Aider un enfant en difficulté. La famille de Philippe Meertens n’est pas novice en la matière. «Il y a plusieurs années, nous avons été impliqués dans l’accueil d’urgence d’une petite fille congolaise qui était dans la classe de notre fille. C’était un dépannage. Elle est restée sept mois. Cela nous a mis le pied à l’étrier.» Le départ de cette jeune fille a été vécu comme «une rupture douloureuse». «Il nous a fallu deux ans pour retrouver l’équilibre, témoigne Philippe Meertens.
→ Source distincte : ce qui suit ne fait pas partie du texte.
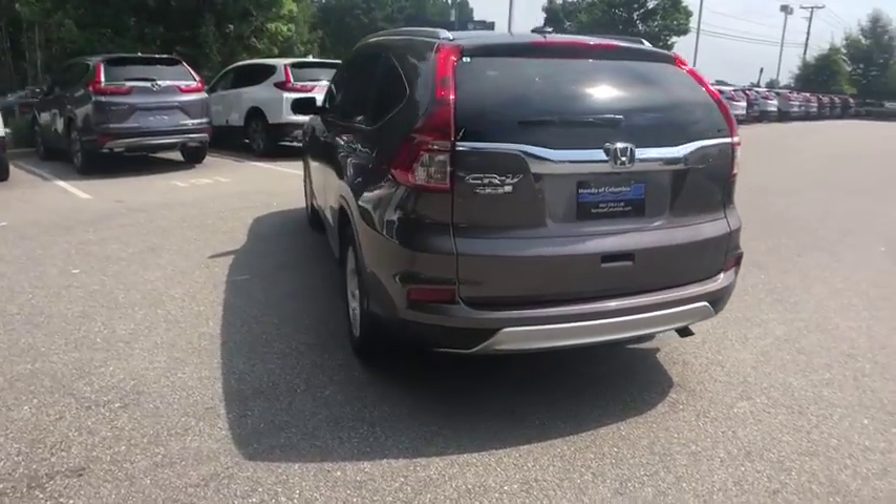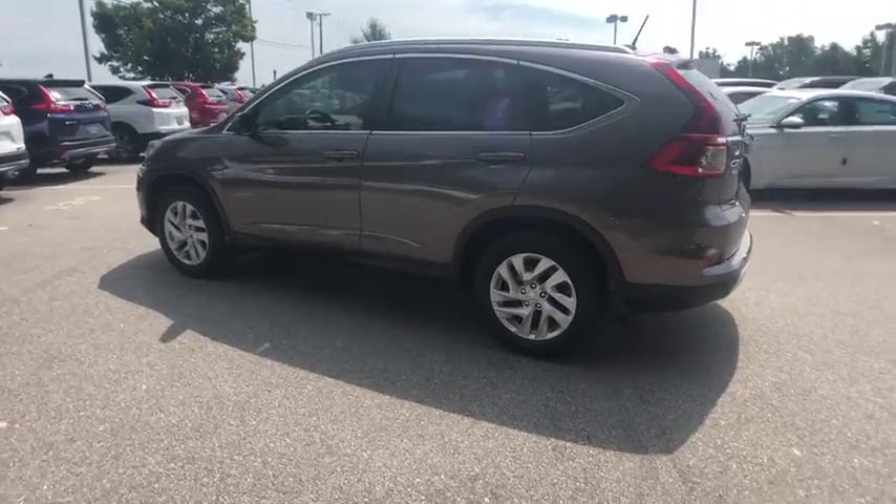This vehicle has less than 30,000 miles. Here are some of this vehicle's great options.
Deux ans plus tard, nous étions prêts à accueillir quelqu’un. Une “petite” Belge qui vit chez nous depuis 13 ans.» Une jeune fille issue des circuits de l’Aide à la jeunesse.

Depuis lors, une assistante sociale suit la famille de Philippe Meertens. C’est elle qui a touché un mot à Philippe et à sa femme du tout nouveau projet de Mentor-escale. «Elle nous a dit que l’asbl cherchait des familles d’accueil pour Mena et nous avons tout de suite dit oui, même s’il fallait attendre la création de la structure légale permettant cet accueil.»

Peu mais positif

L’accueil de Mena en famille est un projet imaginé et coordonné par Mentor-escale. L’idée est de compléter l’offre d’accueil existante en proposant une «alternative familiale» à des jeunes vulnérables.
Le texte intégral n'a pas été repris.